*** Opening Supplied records ***

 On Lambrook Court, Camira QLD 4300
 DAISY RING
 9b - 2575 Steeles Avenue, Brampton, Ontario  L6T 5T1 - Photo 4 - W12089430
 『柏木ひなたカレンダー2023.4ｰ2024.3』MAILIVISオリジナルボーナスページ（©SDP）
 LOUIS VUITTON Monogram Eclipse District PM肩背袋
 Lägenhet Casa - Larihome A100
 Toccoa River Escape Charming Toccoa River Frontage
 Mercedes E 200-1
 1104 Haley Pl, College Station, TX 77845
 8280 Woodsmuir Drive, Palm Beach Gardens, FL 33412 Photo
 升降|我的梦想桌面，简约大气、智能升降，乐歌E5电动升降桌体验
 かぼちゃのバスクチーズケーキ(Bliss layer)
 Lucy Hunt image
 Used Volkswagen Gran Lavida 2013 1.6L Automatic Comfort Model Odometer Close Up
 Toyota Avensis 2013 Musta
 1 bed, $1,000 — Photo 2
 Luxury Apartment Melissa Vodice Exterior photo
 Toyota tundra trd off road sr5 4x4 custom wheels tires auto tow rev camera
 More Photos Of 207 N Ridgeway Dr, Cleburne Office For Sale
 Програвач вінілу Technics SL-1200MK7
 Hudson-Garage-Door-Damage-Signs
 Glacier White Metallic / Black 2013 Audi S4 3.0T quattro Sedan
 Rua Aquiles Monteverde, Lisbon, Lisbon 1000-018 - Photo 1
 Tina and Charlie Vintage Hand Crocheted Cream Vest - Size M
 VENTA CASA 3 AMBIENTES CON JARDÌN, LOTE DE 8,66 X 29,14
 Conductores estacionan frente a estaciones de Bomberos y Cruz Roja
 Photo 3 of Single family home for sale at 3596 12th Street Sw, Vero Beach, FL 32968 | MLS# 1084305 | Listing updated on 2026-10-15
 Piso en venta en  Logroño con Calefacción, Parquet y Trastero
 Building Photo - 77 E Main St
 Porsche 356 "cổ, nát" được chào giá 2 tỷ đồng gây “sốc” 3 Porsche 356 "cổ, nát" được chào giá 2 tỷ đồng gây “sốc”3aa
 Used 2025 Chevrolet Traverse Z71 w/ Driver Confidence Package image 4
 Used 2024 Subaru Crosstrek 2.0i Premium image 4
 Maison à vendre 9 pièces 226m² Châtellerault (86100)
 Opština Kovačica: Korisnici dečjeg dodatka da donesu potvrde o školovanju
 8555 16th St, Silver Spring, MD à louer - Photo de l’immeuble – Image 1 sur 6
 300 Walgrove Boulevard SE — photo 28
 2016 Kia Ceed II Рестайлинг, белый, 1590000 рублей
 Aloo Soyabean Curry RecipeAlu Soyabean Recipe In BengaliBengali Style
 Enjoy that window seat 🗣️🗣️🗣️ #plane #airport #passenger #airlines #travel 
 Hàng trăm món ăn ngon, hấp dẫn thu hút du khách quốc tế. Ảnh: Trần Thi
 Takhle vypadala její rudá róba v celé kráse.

*** Closing Supplied records ***

## Task instructions
Could you output exactly the lines from the one containing "3 Porsche 356" to the end of the entries above, both included, and no others?

## Result
 Porsche 356 "cổ, nát" được chào giá 2 tỷ đồng gây “sốc” 3 Porsche 356 "cổ, nát" được chào giá 2 tỷ đồng gây “sốc”3aa
 Used 2025 Chevrolet Traverse Z71 w/ Driver Confidence Package image 4
 Used 2024 Subaru Crosstrek 2.0i Premium image 4
 Maison à vendre 9 pièces 226m² Châtellerault (86100)
 Opština Kovačica: Korisnici dečjeg dodatka da donesu potvrde o školovanju
 8555 16th St, Silver Spring, MD à louer - Photo de l’immeuble – Image 1 sur 6
 300 Walgrove Boulevard SE — photo 28
 2016 Kia Ceed II Рестайлинг, белый, 1590000 рублей
 Aloo Soyabean Curry RecipeAlu Soyabean Recipe In BengaliBengali Style
 Enjoy that window seat 🗣️🗣️🗣️ #plane #airport #passenger #airlines #travel 
 Hàng trăm món ăn ngon, hấp dẫn thu hút du khách quốc tế. Ảnh: Trần Thi
 Takhle vypadala její rudá róba v celé kráse.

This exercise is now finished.